A Secretaria de Fazenda (Sefaz) informa que a partir do mês de abril todos os contribuintes, com exceção de Microempreendedor Individual (MEI) e produtor rural (pessoa física), estarão obrigados ao uso da Nota Fiscal Eletrônica (NF-e) nas operações de vendas e prestação de serviços. O documento deve ser utilizado em substituição à Nota Fiscal modelo 1 ou 1A e Nota Fiscal de Venda a Consumidor - modelo 2, conforme Decreto n° 1.332 publicado no Diário Oficial do dia 16 de janeiro.

A substituição de documento fiscal emitido em papel pelo eletrônico vem sendo adotada em Mato Grosso desde 2003 e possui inúmeras vantagens. A mudança promovida pelo Executivo visa facilitar e agilizar o processo de emissão do documento físcal, uma vez que o contribuinte pode emitir a NF-e do próprio computador, obtendo economia de tempo e dinheiro.

Além disso, por ser um documento assinado digitalmente a medida torna as transações mais seguras tanto para os contribuintes, quanto para Fisco Estadual e possibilita ao destinatário da NF-e receber o Danfe (Documento Auxiliar), por meio eletrônico.

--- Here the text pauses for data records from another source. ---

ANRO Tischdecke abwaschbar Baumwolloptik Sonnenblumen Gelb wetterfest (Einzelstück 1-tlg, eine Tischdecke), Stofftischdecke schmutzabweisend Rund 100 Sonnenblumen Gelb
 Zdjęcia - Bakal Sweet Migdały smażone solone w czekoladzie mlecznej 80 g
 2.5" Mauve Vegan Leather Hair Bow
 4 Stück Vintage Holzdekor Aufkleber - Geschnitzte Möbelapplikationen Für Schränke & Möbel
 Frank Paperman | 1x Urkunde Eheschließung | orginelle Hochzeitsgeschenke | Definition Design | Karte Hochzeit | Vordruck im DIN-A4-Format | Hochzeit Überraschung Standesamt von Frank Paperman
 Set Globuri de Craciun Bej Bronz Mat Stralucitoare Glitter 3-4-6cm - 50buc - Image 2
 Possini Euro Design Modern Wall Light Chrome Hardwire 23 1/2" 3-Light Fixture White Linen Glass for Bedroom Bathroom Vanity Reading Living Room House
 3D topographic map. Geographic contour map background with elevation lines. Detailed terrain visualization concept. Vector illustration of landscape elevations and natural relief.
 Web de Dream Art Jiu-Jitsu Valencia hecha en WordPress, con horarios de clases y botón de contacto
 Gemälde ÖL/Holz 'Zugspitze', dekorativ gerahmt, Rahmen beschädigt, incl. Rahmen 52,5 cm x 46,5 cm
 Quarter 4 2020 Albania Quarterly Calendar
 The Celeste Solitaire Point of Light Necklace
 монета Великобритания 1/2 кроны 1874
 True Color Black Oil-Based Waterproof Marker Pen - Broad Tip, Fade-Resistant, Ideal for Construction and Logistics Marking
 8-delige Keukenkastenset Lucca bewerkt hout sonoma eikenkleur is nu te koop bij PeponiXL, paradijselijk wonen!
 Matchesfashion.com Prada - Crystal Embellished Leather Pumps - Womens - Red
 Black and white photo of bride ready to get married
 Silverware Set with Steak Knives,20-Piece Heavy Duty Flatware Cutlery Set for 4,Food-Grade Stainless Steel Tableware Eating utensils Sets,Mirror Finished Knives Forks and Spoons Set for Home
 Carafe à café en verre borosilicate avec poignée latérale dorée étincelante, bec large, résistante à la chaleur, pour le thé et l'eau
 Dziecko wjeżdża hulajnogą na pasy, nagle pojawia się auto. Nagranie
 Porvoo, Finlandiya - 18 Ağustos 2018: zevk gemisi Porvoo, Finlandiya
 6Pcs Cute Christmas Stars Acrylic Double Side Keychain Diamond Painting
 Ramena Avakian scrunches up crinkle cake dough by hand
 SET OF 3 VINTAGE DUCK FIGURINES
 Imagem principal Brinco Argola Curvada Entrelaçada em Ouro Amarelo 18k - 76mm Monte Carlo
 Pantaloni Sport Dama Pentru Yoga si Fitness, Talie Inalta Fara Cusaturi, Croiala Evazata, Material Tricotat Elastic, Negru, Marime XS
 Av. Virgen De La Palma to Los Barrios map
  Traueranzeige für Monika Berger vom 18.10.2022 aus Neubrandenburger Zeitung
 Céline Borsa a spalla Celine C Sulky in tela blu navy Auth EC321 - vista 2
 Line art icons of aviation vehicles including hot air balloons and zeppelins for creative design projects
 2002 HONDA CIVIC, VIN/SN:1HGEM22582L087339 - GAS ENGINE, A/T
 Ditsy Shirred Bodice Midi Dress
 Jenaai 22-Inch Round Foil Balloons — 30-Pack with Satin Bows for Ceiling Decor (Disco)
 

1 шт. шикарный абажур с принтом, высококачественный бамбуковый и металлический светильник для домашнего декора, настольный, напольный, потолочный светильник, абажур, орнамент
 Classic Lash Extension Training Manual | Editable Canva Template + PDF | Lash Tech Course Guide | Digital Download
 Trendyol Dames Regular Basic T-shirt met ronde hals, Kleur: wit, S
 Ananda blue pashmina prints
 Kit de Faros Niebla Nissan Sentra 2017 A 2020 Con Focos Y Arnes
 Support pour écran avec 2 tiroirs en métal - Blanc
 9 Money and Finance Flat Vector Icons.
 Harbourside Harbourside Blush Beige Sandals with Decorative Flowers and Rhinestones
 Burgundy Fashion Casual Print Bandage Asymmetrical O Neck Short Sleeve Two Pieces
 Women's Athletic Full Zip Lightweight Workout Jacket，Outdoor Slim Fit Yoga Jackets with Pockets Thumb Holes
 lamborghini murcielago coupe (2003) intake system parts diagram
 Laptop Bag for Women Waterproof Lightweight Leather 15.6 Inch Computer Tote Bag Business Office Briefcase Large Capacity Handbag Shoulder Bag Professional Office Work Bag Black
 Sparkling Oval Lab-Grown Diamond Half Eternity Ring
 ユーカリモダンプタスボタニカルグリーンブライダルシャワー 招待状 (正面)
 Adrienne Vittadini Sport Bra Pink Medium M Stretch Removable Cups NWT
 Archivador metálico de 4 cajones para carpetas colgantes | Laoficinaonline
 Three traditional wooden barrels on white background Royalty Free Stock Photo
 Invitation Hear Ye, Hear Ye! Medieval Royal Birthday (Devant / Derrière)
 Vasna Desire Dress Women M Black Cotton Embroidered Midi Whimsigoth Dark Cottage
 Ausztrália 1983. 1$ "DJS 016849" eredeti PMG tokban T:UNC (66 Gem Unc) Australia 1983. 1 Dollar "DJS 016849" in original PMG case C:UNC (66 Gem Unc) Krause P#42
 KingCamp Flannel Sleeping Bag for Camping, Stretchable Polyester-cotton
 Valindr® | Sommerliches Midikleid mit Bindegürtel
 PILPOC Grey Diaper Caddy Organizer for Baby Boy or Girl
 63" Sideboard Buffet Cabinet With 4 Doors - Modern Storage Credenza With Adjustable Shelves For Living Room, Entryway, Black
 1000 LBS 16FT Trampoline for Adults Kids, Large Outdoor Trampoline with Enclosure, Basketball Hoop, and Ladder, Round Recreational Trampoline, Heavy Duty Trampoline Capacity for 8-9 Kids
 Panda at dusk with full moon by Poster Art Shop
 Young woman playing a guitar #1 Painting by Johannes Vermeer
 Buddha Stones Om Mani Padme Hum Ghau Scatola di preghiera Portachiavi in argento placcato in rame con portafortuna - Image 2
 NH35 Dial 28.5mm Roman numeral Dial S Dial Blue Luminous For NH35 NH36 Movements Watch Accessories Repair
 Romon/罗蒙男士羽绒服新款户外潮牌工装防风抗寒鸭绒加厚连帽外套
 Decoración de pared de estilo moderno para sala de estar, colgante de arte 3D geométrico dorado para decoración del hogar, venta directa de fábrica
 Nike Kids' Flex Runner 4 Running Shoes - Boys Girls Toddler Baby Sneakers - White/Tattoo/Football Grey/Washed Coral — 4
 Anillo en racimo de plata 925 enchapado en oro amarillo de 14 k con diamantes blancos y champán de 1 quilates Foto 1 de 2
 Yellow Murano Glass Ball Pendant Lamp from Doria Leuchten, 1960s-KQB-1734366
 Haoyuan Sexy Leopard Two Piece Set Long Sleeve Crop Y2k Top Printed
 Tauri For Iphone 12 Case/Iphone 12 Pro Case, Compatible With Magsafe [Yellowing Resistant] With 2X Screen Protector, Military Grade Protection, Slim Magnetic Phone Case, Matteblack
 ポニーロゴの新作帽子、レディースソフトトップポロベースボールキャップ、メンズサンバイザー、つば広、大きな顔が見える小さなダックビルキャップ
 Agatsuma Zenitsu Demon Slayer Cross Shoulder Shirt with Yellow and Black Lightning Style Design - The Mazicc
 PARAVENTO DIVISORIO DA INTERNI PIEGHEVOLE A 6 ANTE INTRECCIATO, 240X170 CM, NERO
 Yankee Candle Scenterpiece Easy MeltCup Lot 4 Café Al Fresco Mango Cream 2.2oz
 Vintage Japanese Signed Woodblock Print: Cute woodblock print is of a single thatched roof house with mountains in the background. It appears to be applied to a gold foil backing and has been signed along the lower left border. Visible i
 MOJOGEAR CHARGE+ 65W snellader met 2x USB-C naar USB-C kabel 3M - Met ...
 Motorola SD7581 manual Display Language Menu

O procedimento eletrônico permite, ainda, verificar a validade do documento fiscal recebido consultando a chave de acesso no Portal da Sefaz.

De acordo com o texto publicado, a medida abrange todas as empresas já inscritas no Cadastro de Contribuintes do Estado (CCE) e que ainda não estão habilitadas ao uso do documento fiscal. Além disso, quem requerer inscrição no CCE a par r do mês de abril também ficará sujeito à emissão da NF-e. Nestes casos, a obrigatoriedade é automática, uma vez que o credenciamento como emissor do documento fiscal é feito de o cio pela pasta fazendária.
Depois do credenciamento os contribuintes estarão impedidos de emitirem Nota Fiscal modelo 1 ou 1A e Nota Fiscal de Venda a Consumidor - modelo 2, qualquer que seja a operação, devendo obrigatoriamente promover sua inutilização, caso ainda possuam os documentos fiscais.

Para emitir o documento é necessário adquirir um programa emissor próprio ou utilizar softwares disponíveis no mercado, observando as especificações contidas no Manual de Orientação do Contribuinte (MOC), e ter um certificado digital.

A Sefaz ressalta que esclarecimentos adicionais sobre NF-e podem ser obtidos por meio de pesquisa no Regulamento do ICMS (RICMS/MT) nos artigos 325, na Portaria n° 163/2007, que dispõe sobre as condições, as regras e os procedimentos para sua utilização e do correspondente DANFE e no Manual de Orientação do Contribuinte – versão 6.00, disponível no portal da Sefaz. Eventuais dúvidas também podem ser encaminhadas para o e-mail de atendimento ao contribuinte, sac@sefaz.mt.gov.br.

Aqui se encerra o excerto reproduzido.